Above is a list of countries for which contributions have been recorded.
We live in the mountains of New South Wales, Australia, out of town, with National Parks nearby at an altitude of a little less than 4000 feet. I've "tested" many of the beliefs and found most to be true and applicable to our neck of the woods.
Here are some which can generally be counted on....
I've observed that when the choughs come to visit and give their haunting, keening calls, then mist, cool weather and sometimes rain will come from the east and hang around for three days. The choughs often visit, but they have a wide vocal range and save the keening calls to herald in the easterly. We all loooooooove the easterly !!
The black cockatoos are said to fly and call when rain is on the way. Not always reliable.
Likewise the swifts - when the swifts soar and swirl in groups, cooler weather and sometimes rain often follows.
And there are the ants. They come into the house in droves prior to rain. When they leave, the rain is imminent. The longer the ants are in the house, the longer the rain will last and/or the heavier it will be.
If it rains on the new moon, it will either rain again a week later, or rain for a full week, or the month will be generally wet.
When the rowan, the holly and/or the pittosporum produce many berries, the following winter will be harsh. This is nature's way of providing for the birds.
I've also found some of the British folklore, regarding weather on certain days of the year being a predictor of the length of seasons, to be completely applicable to our area when the particular day is brought forward six months. I've been watching this for years.
In 1998 Glenda John wrote and illustrated a book Nature's Weather Watch which is a guide to forecasting the weather by observing animals and plant life. Glenda lives in Australia and therefore many of her observations relate to animals, birds, insects, plants and fish of that continent. It also includes the usual observation of the wind, clouds, moon and stars.
It was printed by Queensland Complete Printing Services, Nambour, Queensland, Code 4560, Australia who should be able to provide a copy. Its ISBN is 0 646 35167 2
The September 2003 edition of the Australian Reader's Digest contains an article titled "And Here's the Wattle Forecast".
It states official weather records in Australia date back less than 200 years. Aboriginal knowledge of weather and effects on the living world, goes back tens of thousands of years.
Here are two samples.
1. In Northern Australia the biggest storms usually occur when the tide is high in the middle of the day.
2. In central Australia, expect rain when the bearded dragon lizard sits erect and looks at the sky.
It also stated that an Australian Indigenous Weather Knowledge multi-institution project focused on the weather and climate knowledge of the indigenous people of Australia and the Torres Strait Islands, has commenced.
The Australian Bureau of Meteorology provides a web site dedicated to Climate, Weather and Aboriginal Culture, in support of this project.

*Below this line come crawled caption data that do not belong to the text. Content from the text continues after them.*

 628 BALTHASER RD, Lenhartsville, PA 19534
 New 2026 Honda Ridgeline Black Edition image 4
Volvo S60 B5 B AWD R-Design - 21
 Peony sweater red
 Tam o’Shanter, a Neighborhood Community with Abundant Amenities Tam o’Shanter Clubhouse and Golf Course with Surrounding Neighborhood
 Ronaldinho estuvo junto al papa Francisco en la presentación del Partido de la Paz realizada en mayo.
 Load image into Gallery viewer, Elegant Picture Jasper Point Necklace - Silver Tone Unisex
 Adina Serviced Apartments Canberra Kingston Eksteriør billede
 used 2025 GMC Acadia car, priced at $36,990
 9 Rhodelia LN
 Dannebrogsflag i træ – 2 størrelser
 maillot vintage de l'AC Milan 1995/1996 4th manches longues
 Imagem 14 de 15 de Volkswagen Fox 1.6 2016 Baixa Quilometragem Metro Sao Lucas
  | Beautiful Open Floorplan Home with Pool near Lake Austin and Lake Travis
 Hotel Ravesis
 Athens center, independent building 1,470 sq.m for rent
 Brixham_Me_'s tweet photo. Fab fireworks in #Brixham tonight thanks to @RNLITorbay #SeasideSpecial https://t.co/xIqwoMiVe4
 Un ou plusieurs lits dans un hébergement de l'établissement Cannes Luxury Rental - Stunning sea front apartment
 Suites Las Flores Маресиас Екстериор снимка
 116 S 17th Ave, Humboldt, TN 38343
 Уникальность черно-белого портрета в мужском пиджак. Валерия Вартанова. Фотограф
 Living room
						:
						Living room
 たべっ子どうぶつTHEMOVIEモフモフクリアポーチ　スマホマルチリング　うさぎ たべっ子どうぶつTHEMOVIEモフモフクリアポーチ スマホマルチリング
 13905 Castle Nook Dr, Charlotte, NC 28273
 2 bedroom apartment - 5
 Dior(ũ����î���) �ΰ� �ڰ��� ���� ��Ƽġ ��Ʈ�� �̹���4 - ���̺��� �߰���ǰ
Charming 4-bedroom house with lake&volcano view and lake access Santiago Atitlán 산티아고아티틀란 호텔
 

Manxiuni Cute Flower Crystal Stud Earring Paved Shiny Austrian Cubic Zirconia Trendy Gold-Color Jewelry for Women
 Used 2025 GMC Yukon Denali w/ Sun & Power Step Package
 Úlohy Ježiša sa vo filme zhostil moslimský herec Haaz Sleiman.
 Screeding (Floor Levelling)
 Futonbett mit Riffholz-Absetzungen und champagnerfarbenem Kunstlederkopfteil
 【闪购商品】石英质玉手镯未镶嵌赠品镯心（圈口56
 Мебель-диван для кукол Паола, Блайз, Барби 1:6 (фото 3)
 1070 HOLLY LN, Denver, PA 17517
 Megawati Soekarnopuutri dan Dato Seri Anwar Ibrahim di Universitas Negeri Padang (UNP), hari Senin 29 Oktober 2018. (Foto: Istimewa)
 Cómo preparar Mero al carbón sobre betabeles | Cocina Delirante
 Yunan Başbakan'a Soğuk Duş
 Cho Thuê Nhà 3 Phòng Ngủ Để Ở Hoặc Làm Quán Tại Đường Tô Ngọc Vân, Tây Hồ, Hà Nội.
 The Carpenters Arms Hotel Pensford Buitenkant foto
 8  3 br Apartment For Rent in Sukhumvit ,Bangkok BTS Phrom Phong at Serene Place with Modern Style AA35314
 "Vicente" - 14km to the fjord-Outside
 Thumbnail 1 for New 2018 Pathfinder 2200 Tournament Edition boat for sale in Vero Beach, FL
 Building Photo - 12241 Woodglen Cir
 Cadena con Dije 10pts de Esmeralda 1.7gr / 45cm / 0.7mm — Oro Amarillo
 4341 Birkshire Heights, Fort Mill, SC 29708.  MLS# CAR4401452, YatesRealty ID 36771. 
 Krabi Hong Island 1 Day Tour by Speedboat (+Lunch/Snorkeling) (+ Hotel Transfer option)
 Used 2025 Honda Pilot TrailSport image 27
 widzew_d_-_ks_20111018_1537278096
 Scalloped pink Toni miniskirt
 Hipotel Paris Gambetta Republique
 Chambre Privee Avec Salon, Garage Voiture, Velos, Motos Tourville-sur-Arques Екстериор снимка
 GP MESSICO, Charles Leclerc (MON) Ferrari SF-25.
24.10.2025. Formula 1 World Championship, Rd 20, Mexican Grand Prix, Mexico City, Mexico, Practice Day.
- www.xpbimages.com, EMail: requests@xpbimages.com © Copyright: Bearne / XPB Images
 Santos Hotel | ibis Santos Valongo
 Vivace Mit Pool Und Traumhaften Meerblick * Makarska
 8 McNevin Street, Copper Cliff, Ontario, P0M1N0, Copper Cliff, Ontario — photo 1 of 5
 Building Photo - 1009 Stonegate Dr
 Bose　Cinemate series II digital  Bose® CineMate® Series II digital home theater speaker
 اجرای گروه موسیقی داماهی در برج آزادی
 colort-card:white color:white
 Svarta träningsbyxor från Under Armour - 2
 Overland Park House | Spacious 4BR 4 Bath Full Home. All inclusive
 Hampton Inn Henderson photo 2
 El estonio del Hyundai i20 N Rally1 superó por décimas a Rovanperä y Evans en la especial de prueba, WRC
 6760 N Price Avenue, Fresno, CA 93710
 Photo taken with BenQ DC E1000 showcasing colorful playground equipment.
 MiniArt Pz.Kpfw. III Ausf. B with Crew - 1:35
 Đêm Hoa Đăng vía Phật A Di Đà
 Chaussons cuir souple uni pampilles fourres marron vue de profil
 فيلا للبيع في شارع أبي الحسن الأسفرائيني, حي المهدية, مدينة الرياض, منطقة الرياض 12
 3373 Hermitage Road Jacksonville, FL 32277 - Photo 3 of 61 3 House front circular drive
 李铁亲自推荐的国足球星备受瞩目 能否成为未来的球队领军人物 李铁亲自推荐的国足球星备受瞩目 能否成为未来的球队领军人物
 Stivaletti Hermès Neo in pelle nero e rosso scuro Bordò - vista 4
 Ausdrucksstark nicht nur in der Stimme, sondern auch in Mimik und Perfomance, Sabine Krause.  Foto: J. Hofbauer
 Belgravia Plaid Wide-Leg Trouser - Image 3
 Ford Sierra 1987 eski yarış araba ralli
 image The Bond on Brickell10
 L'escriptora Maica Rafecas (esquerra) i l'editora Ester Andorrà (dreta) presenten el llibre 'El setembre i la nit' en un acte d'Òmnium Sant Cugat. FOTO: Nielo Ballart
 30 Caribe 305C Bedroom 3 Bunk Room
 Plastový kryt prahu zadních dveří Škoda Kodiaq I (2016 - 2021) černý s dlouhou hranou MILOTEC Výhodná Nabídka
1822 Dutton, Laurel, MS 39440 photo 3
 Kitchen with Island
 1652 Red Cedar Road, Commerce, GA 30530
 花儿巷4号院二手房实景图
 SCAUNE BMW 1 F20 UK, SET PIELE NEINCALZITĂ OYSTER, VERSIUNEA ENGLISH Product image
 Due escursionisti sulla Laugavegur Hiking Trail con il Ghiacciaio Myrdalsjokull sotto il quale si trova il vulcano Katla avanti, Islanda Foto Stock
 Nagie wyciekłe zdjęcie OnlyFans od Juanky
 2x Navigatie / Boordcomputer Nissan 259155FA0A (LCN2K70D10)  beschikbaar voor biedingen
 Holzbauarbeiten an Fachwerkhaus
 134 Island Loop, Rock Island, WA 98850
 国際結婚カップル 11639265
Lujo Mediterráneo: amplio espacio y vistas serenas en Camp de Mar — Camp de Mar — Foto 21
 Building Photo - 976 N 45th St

How true it is that nature knows far more than we do, and by observing her we can learn much.
I have noticed that when cows lie down (not counting calves) it will always rain within 3 days, if horses lie down there will be much rain on the way, also if horses run wild there will be wild weather on the way.
If ants build high there is a lot of rain on the way.
If the Currawongs call back and forth to each other, there is a south change on the way.
Black cockatoos calling means that rain is on the way, this is said that is because the wood in the trees they poke into for grubs becomes softer before rain.
Planes leaving contrails behind them means a cold change on the way, within 3 days, and being from the south that will also bring rain.